- [Exercise prompt]:
Where the line containing "Graphic Townes Proud" appears in the entries below, start there and print only that line and every line after it, exactly, through the end, excluding pictures.

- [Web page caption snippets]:

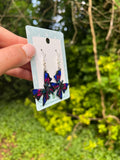 Noir Butterfly Earrings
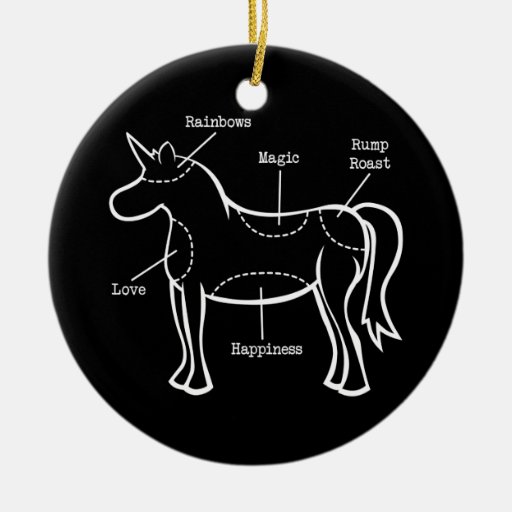 Unicorn Parts Ornaments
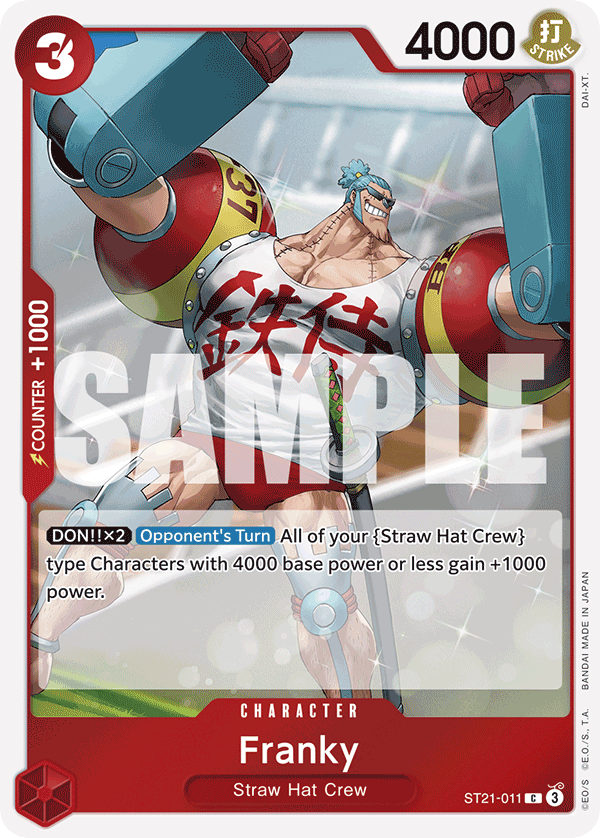 Franky ST21-011 One Piece TCG
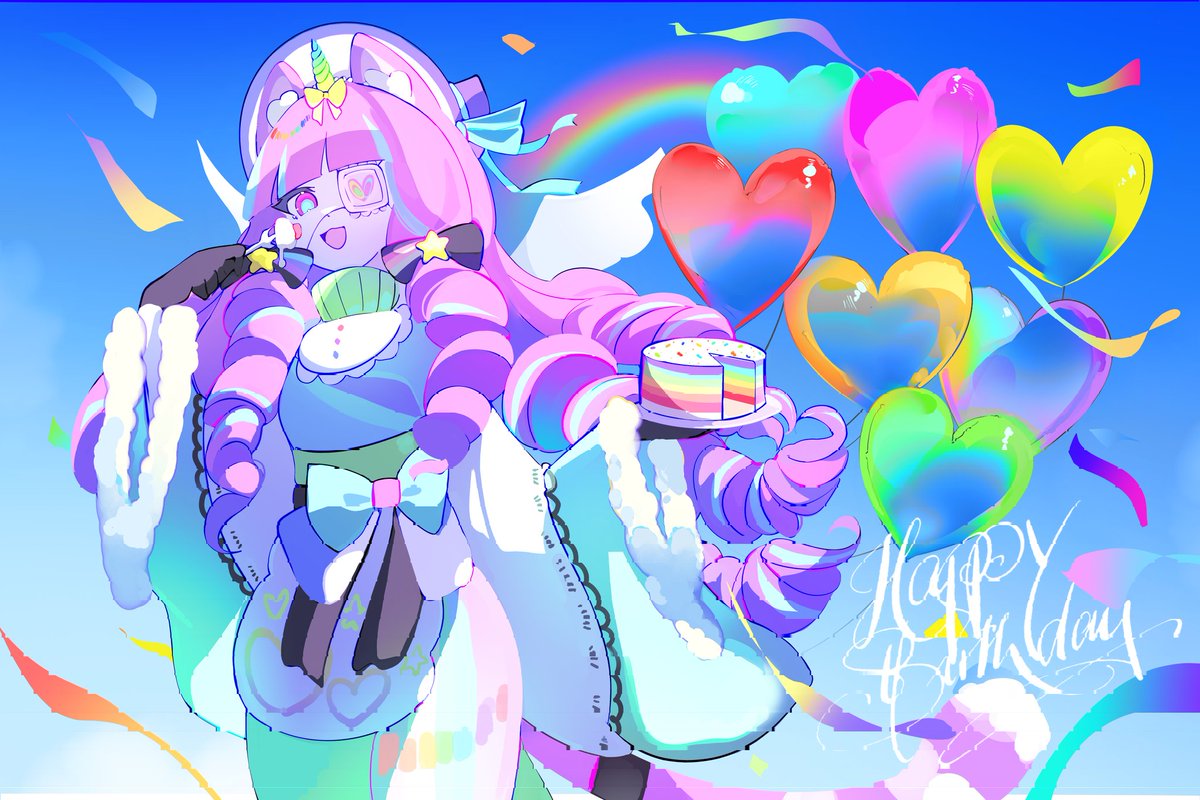 a gift for my dear <a href="/naniwoou/">nani-sama</a>!! 🩷🌈
#illustration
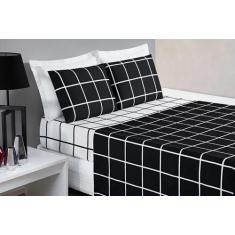 Imagem de Jogo De Cama Austria Queen 4 Peças Micropercal 200 Fios - Nathalia Enx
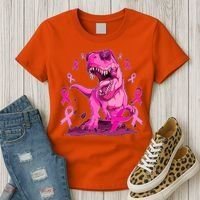 Breast Cancer Awareness Wear Pink Trex Dinosaur Women's T-Shirt thumb 3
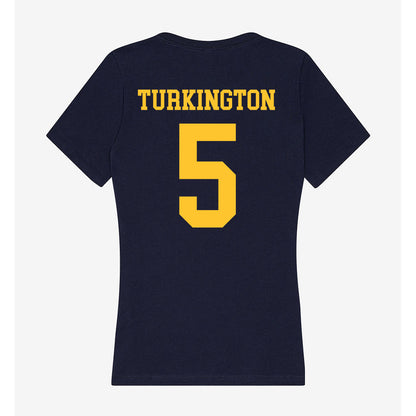 UC Berkeley - NCAA Baseball : Austin Turkington - Classic Shersey Women's V-Neck T-Shirt-1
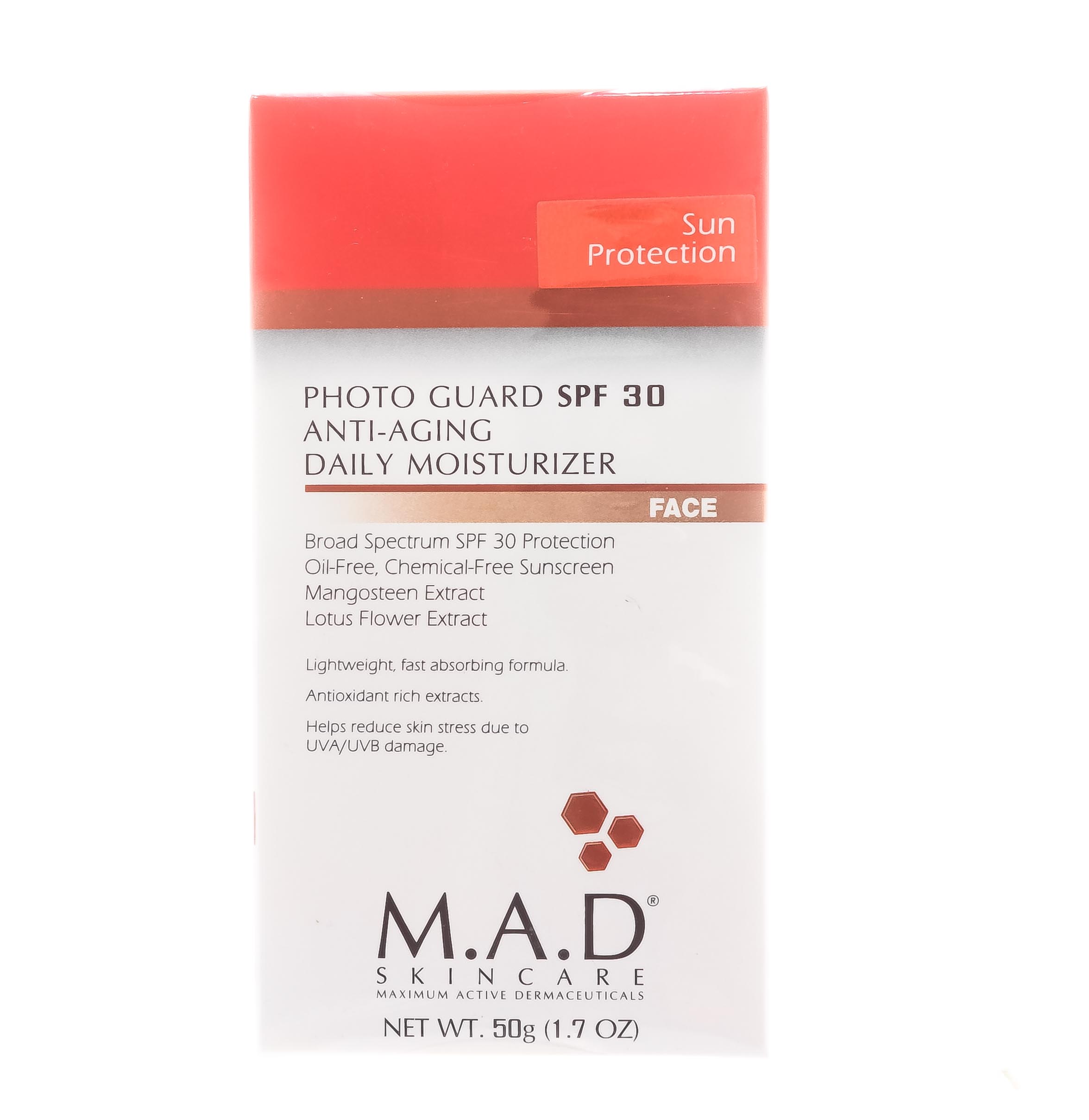 M.A.D. Омолаживающий и увлажняющий крем-защита под макияж с защитой spf 30, 50 гр (M.A.D., )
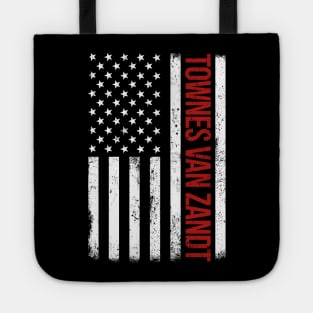 Graphic Townes Proud Name US American Flag Birthday Gift Tote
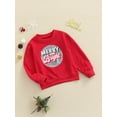 thumbnail image 3 of Diconna Children Pullover Christmas Printed Pattern Round Collar Sweatshirt, 3 of 9
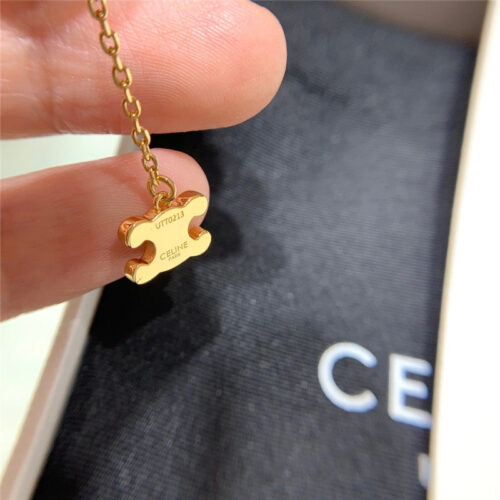 High Quality Luxury Celine Arc De Triomphe Tassel Earrings product detail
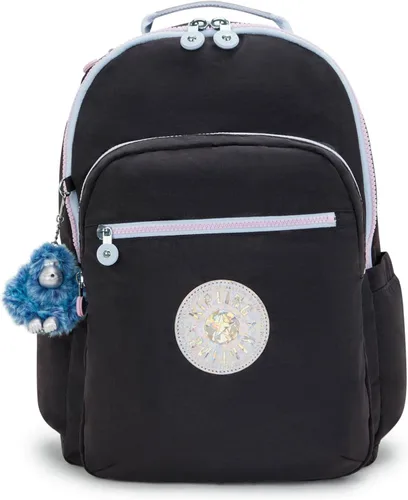 Miniatura 10 de Kipling Seoul - Mochila grande metálica para portátil de 15 pulgadas, Agua (Aqua Flowers)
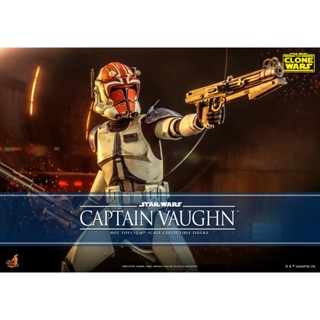 🕊️พร้อมส่ง ฟิกเกอร์ โมเดล ของสะสม Hot Toys TMS065 1/6 Star Wars: The Clone Wars™ - Captain Vaughn™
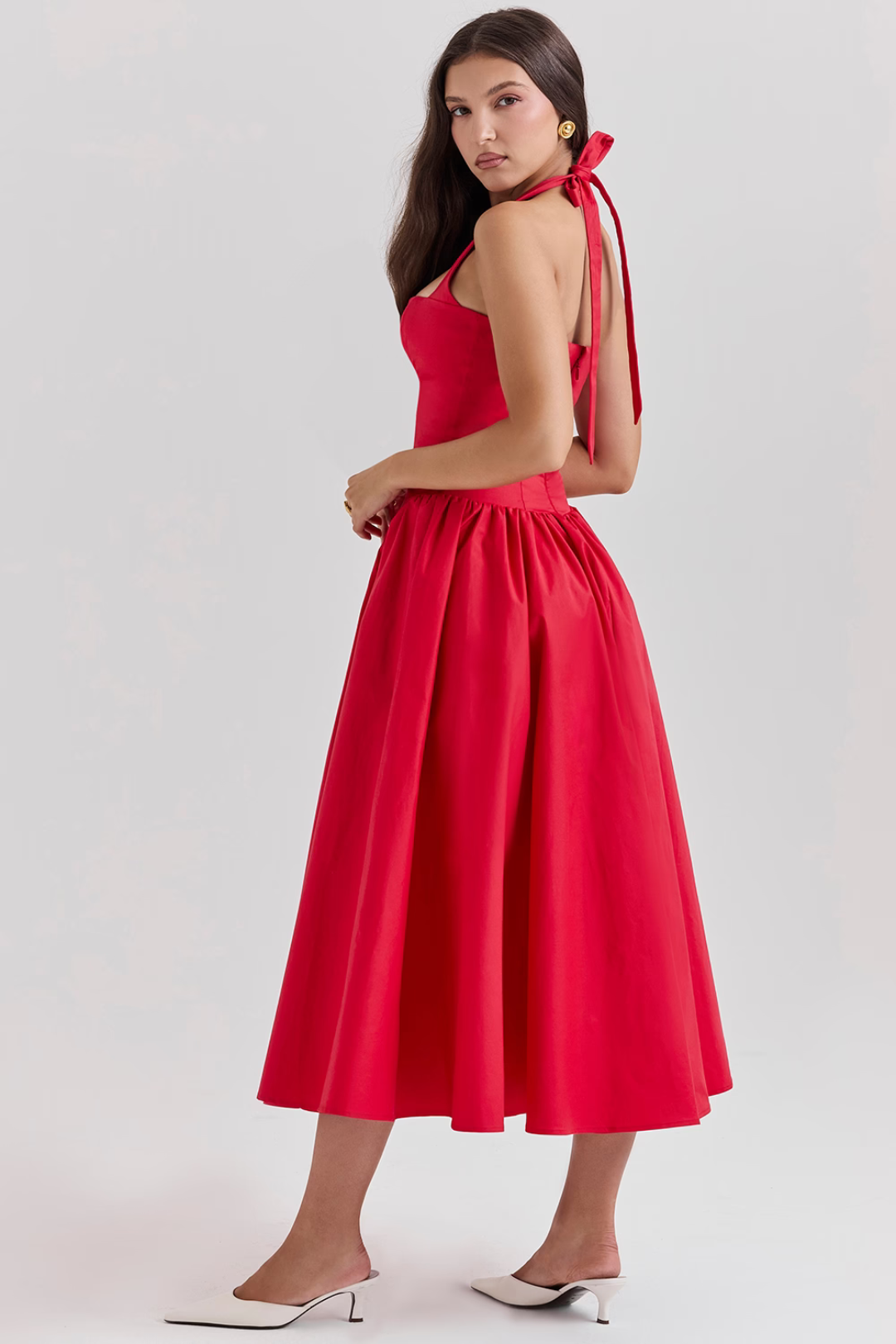 Vestido Midi Vermelho Vivella Passione - GOLDEN ERA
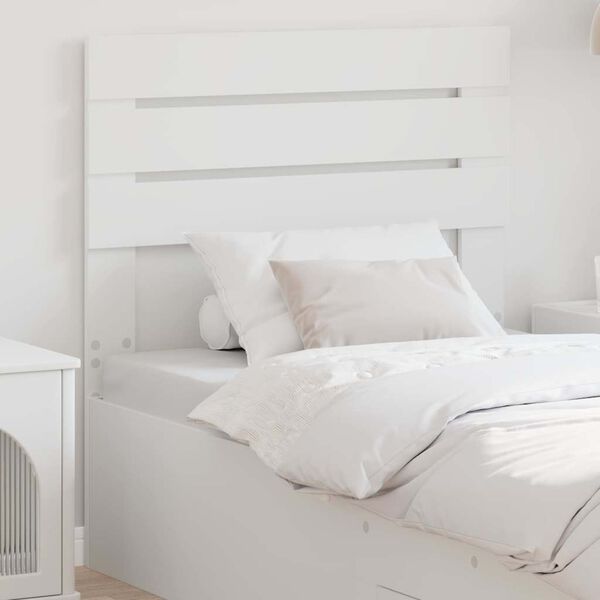 vidaXL Headboard with Headboard White 90 cm Engineered wood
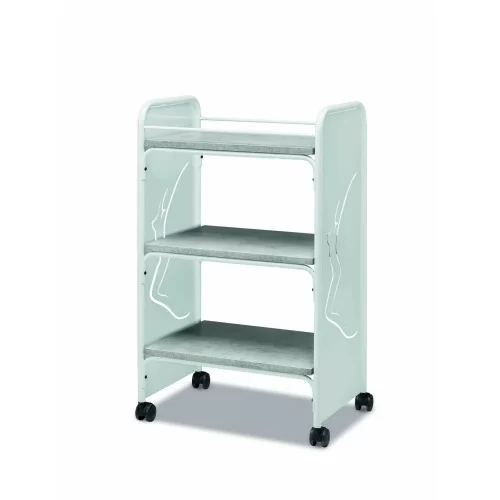 Steel trolley with 3 shelves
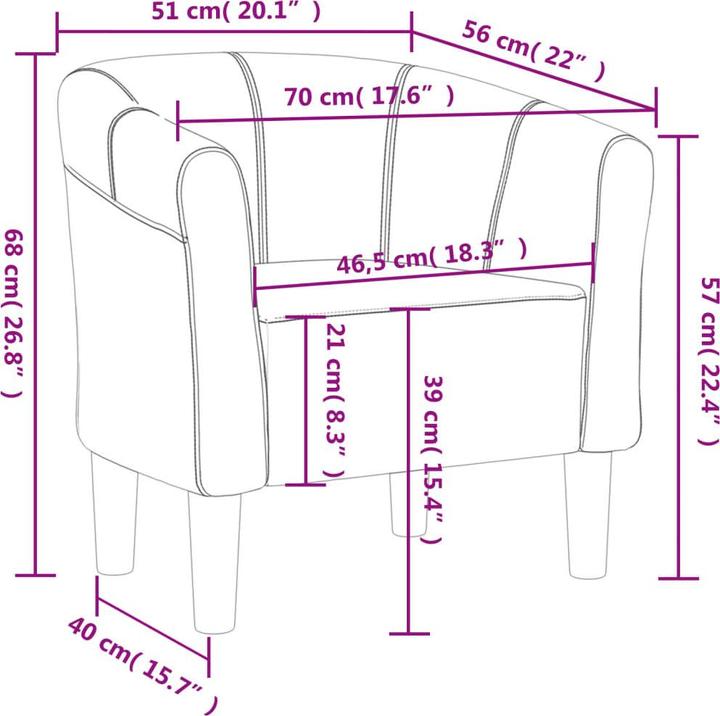 Produktbild VidaXL Clubsessel Weinrot Samt,Farbe: Weinrot,Material: Samt (100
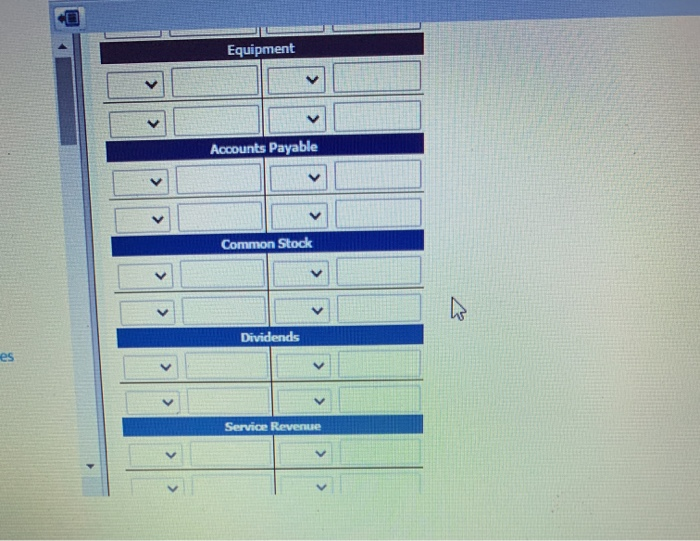 on account for $10.500. 14 Paid salaries of $1,700 25 Paid $2.990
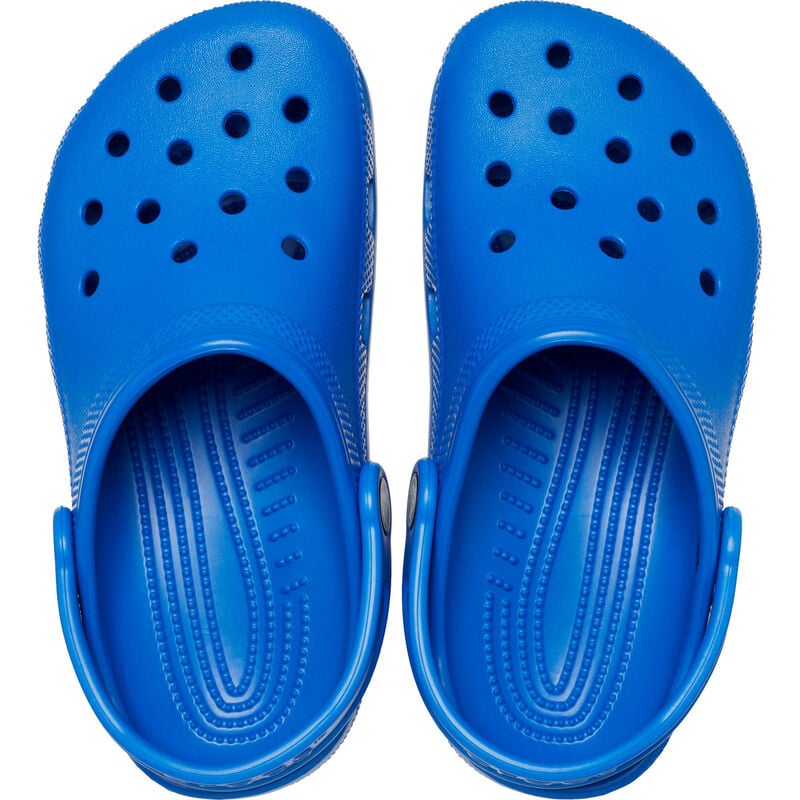 Crocs Youth Classic Blue Clogs image number 6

- [Response to the task]:
 Graphic Townes Proud Name US American Flag Birthday Gift Tote
 thumbnail image 3 of Diconna Children Pullover Christmas Printed Pattern Round Collar Sweatshirt, 3 of 9
 High Quality Luxury Celine Arc De Triomphe Tassel Earrings product detail
 Miniatura 10 de Kipling Seoul - Mochila grande metálica para portátil de 15 pulgadas, Agua (Aqua Flowers)
 🕊️พร้อมส่ง ฟิกเกอร์ โมเดล ของสะสม Hot Toys TMS065 1/6 Star Wars: The Clone Wars™ - Captain Vaughn™
 Vestido Midi Vermelho Vivella Passione - GOLDEN ERA
 vidaXL Headboard with Headboard White 90 cm Engineered wood
 Steel trolley with 3 shelves
 Produktbild VidaXL Clubsessel Weinrot Samt,Farbe: Weinrot,Material: Samt (100
 on account for $10.500. 14 Paid salaries of $1,700 25 Paid $2.990
 Crocs Youth Classic Blue Clogs image number 6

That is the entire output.